KIM-1 is a type-1 transmembrane glycoprotein. It is expressed at high levels in proximal tubule cells after renal ischemia or administration of nephrotoxic agents. KIM-1 was suggested to be a useful marker in showing damage to proximal tubule cells [25]. Furthermore, a significant increase in KIM-1 levels has been reported in patients having cardiac surgery and in patients taking nephrotoxic agents [22,26], and it has been stated that this reflects the clinical situation as well. The KIM-1 levels were significantly higher in the IDA group compared to the control group in the present study.

L-FABP is a 14-kDA protein and is important in demonstrating parenchymal kidney damage and kidney dysfunction. It is filtered by glomerular filtration and is absorbed in the proximal tubules. Its secretion in the proximal tubule increases after kidney injury [27,28]. It has been found that the amount present in the urine increases after acute tubular necrosis, sepsis, nephrotoxic agents, and cardiac surgery [27,29-31]. In our study, the level of L-FABP was also found to be higher in the IDA group than in healthy controls, probably related to chronic hypoxia.

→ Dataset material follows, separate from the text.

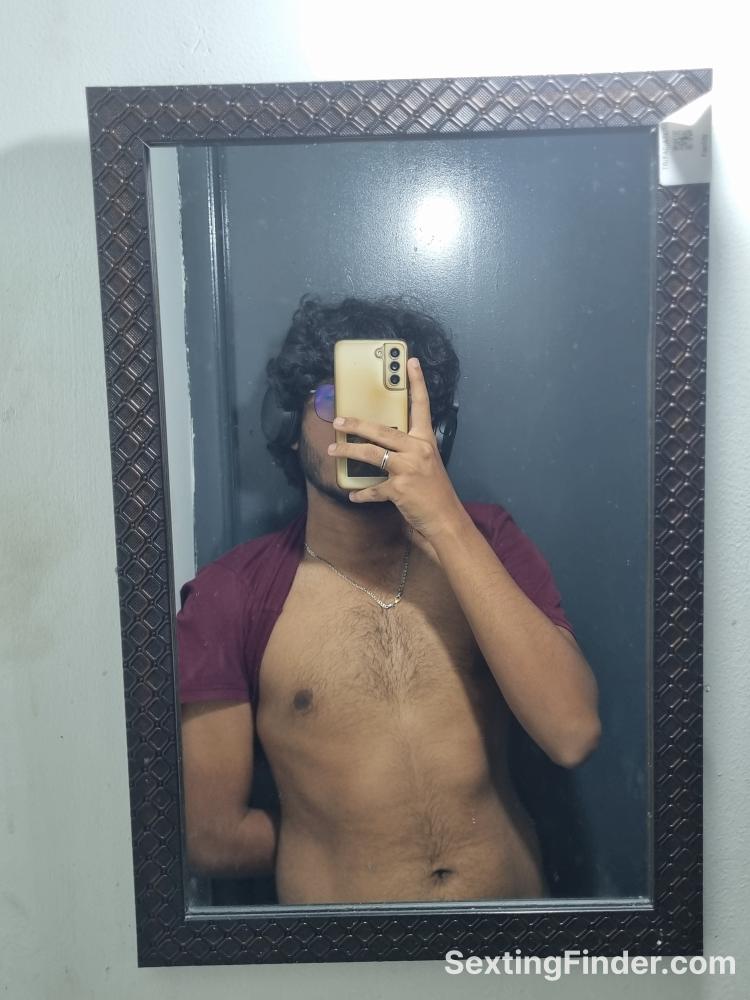 53fcc900-d2bc-11f0-947d-e1f9a65351c4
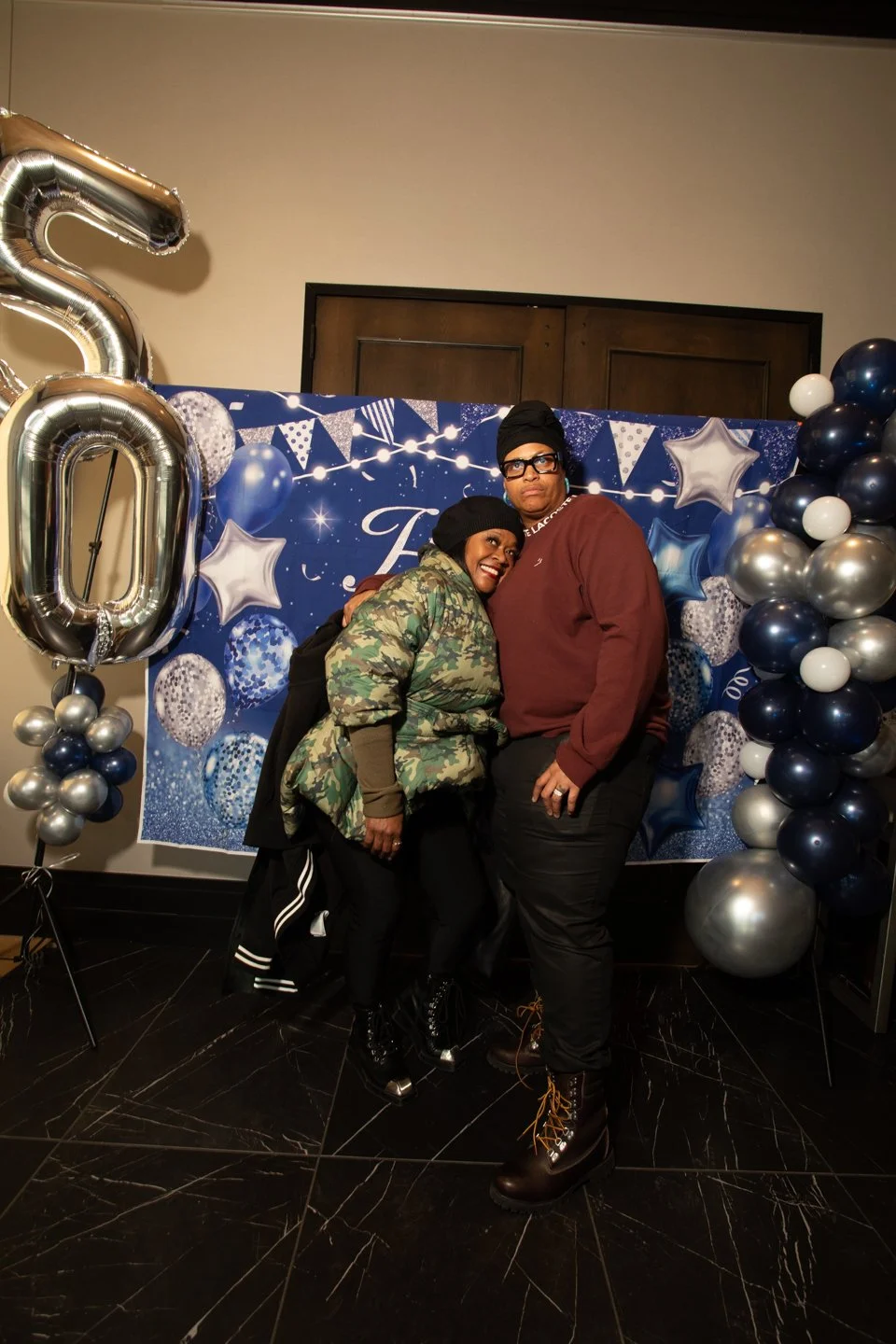 Molly 50th Birthday-2690.jpg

A negative correlation was found between Hb, Hct, and RBC levels and urinary KIM-1, NGAL, NAG, L-FABP-to-creatinine ratios. This indicates that when anemia worsens, the influence of anemia on urinary injury molecules increases. There were also significant positive correlations among NGAL/Cr, NAG/Cr, L-FABP/Cr, and KIM-1/Cr themselves; thus, it is suggested that these 4 markers have parallel changes in terms of the biomarkers of kidney injury in children with IDA.

An important limitation of our study is that we were not able to study the urine markers after the treatment of IDA, due to the discharge of IDA patients after recovery. This limitation was partially resolved by comparison with the control group.

Conclusions

The results of this preliminary investigation suggest that patients with IDA may have renal injury determined by urinary kidney injury markers, including KIM-1, NGAL, and L-FABP. Reduced oxygen delivery to kidneys and altered cell function due to anemic hypoxia may be key factors. Further studies are needed to determine the mechanism of kidney injury in IDA.